$(\iota \otimes f)(X) = 0$ for all $f \in B^*$ implies $X=0$ Let $A$ and $B$ be $C^*$-algebras. Given $f \in B^*$, we can form the right slice map
$$\iota \otimes f: A \otimes B \to A: a \otimes b \mapsto af(b)$$
which extends uniquely to a bounded linear map
$$\iota \otimes f: M(A \otimes B) \to M(A)$$
that is strictly continuous on the unit ball.
Assume $X \in M(A \otimes B)$ satisfies $(\iota \otimes f)(X)=0$ for all $f \in A^*$. Can we conclude that $X=0?$
Attempt: When $B$ is unital, we can proceed as follows: if $a\in A$
$$0 = (\iota\otimes f)(X)a = (\iota \otimes f)(X(a \otimes 1_B))$$ for all $f \in A^*$, so since $X(a \otimes 1_B) \in A \otimes B$ we conclude that $X(a \otimes 1_B)=0$. Hence, $X(A \otimes B) = 0$ which implies $X=0$.

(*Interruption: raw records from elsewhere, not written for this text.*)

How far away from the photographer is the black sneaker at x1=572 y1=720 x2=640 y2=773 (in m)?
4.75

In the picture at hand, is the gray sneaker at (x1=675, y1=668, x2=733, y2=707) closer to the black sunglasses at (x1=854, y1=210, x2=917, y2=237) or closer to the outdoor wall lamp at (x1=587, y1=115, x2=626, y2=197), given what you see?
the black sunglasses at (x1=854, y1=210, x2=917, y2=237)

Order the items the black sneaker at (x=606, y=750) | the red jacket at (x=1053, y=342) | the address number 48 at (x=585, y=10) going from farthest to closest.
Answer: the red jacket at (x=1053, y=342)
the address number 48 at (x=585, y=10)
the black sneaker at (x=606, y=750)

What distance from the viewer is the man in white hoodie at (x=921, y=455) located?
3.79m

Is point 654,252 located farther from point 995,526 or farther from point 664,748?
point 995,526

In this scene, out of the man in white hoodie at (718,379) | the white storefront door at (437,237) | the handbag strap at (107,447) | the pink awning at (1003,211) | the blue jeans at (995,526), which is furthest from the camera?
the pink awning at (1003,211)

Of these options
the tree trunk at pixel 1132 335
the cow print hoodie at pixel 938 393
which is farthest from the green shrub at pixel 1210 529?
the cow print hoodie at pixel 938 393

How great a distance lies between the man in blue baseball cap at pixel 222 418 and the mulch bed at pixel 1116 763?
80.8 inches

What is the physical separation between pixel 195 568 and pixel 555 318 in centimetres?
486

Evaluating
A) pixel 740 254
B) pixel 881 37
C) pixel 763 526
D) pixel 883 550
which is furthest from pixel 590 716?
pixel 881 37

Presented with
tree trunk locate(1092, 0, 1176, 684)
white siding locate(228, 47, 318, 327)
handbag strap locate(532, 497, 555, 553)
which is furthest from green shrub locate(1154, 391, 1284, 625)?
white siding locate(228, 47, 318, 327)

How to deal with the case that $B$ is non-unital?
 A: From comments, it seems that the OP is using the "abstract" definition of multipliers (compare below).  A good reference is indeed the appendix of arXiv:funct-an/9707009.  Let's use some remarks from there (bottom of page 38) to show that $\iota\otimes f:A\otimes B\rightarrow A$ is indeed strict.  By Cohen--Hewitt factorisation, we can find $g\in B^*, c\in B$ with $f = cg$, and so
$$ (\iota\otimes f)(a\otimes b) = f(b) a  = g(bc) a = (\iota\otimes g)(a\otimes bc) $$
Thus if $(u_i)$ is a bounded net in $A\otimes B$ converging strictly to $0$, for $a\in A$ we have that
$$ (\iota\otimes f)(u_i) a = (\iota\otimes g)(u_i(a\otimes c)) \rightarrow 0 $$
because $u_i(a\otimes c)\rightarrow 0$ in norm.

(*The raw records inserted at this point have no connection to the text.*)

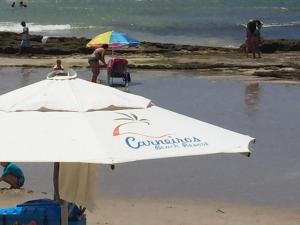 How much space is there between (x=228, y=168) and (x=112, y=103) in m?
5.86

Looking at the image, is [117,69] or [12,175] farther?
[117,69]

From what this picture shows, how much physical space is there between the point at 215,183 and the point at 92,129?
543 centimetres

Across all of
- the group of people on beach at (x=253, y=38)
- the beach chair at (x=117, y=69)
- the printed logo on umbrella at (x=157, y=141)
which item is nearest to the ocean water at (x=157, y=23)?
the group of people on beach at (x=253, y=38)

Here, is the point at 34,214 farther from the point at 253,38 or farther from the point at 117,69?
the point at 253,38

So we form the strict extension to $M(A\otimes B)$.  If $(u_i)$ is a bounded net in $A\otimes B$ converging strictly to $X\in M(A\otimes B)$ then by definition of the strict extension (or by strict continuity),
$$ (\iota\otimes f)(X) a = \lim_i (\iota\otimes f)(u_i) a \qquad (a\in A). $$
However, this is equal to
$$ \lim_i (\iota\otimes g)(u_i(a\otimes c)) = (\iota\otimes g)(X(a\otimes c)). $$
So if $(\iota\otimes f)(X)=0$ for all $f$, then $(\iota\otimes g)(X(a\otimes c)) = 0$ for all $g,c$ and $a$, and so $X(a\otimes c)=0$ for all $a,c$ so $X=0$.

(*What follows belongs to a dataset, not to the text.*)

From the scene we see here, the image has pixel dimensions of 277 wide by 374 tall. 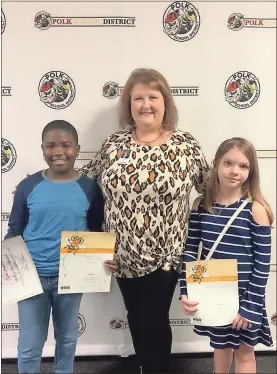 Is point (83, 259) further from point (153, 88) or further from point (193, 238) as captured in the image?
point (153, 88)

(I think of this as the "factorisation trick".  Aside from CP maps, most examples of strict linear maps seem to feature some notion of "factorisation".)

Taka's comment was to use a representation of $A\otimes B$ on a Hilbert space.  This is the "centraliser" picture of multipliers: if $A\subseteq\mathcal B(H), B\subseteq\mathcal B(K)$ acting non-degenerately, then $A\otimes B\subseteq\mathcal B(H\otimes K)$ non-degenerately and
$$ M(A\otimes B) \cong \{ T\in\mathcal B(H\otimes K) : Tu, uT\in A\otimes B \ (u\in A\otimes B) \}. $$
This is independent of the representations chosen, so let's suppose that $f\in B^*$ is the restriction of $\omega_{\xi,\eta}$ to $B$.  Then we have a natural notion of what $(\iota\otimes f)$ is acting on $M(A\otimes B)$: just the restriction of $\iota\otimes\omega_{\xi,\eta}:\mathcal B(H\otimes K) \rightarrow \mathcal B(H)$.  Of course, you'd need to check that this gave the same definition as before.  The required result is now obvious.